» Data listing:
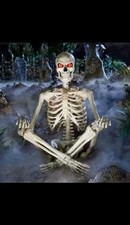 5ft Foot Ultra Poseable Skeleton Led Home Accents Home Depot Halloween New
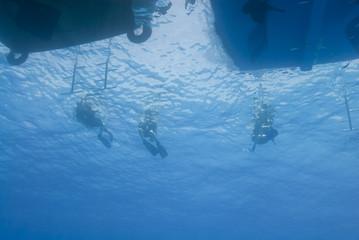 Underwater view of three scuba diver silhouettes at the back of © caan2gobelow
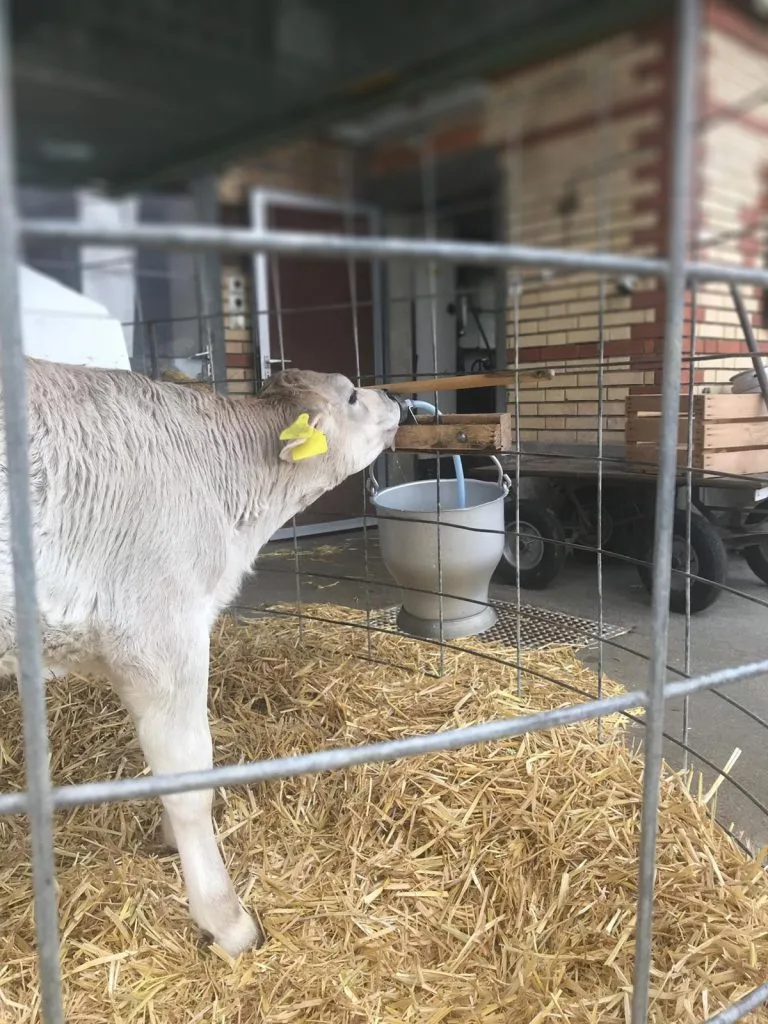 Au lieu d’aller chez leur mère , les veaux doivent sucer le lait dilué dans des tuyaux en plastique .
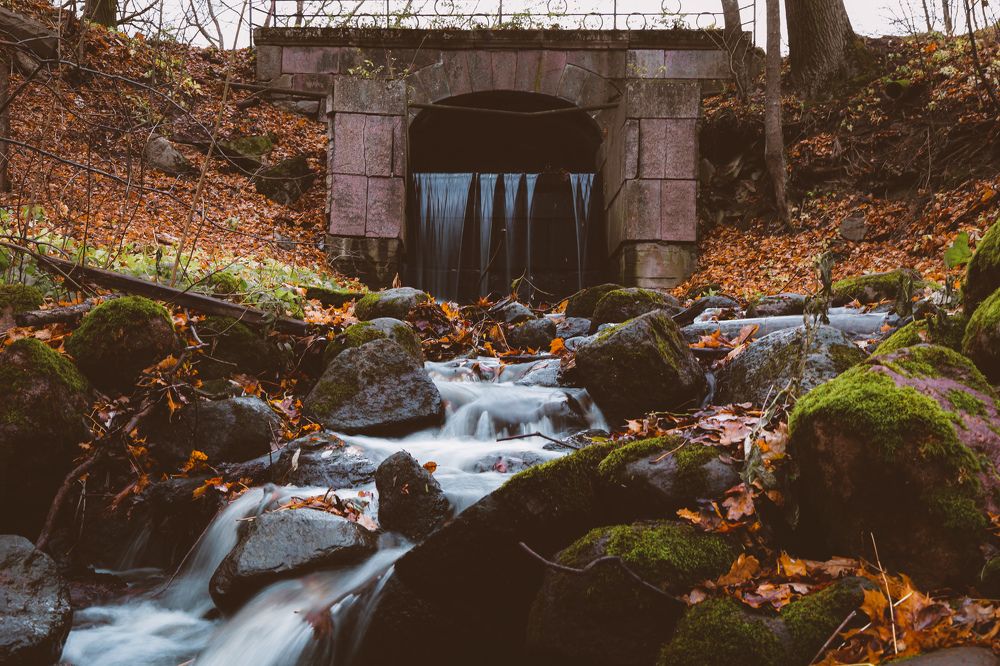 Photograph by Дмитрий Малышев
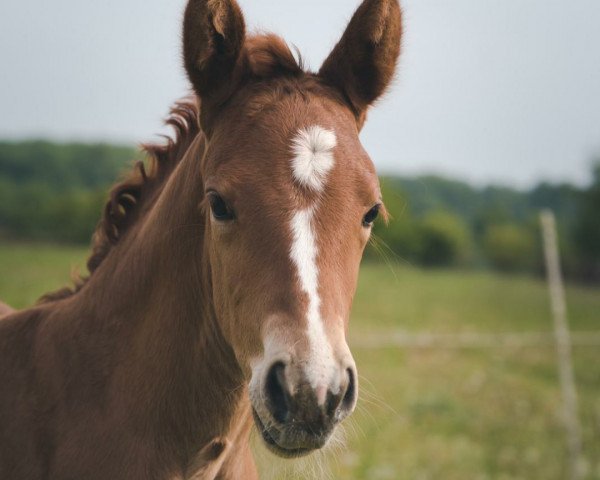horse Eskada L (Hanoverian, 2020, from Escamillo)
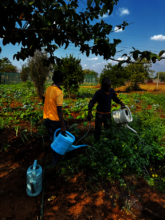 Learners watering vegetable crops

» What to work on: All the lines above are to be given again exactly as they read, with the pictures removed.

» Answer section:
 5ft Foot Ultra Poseable Skeleton Led Home Accents Home Depot Halloween New
 Underwater view of three scuba diver silhouettes at the back of © caan2gobelow
 Au lieu d’aller chez leur mère , les veaux doivent sucer le lait dilué dans des tuyaux en plastique .
 Photograph by Дмитрий Малышев
horse Eskada L (Hanoverian, 2020, from Escamillo)
 Learners watering vegetable crops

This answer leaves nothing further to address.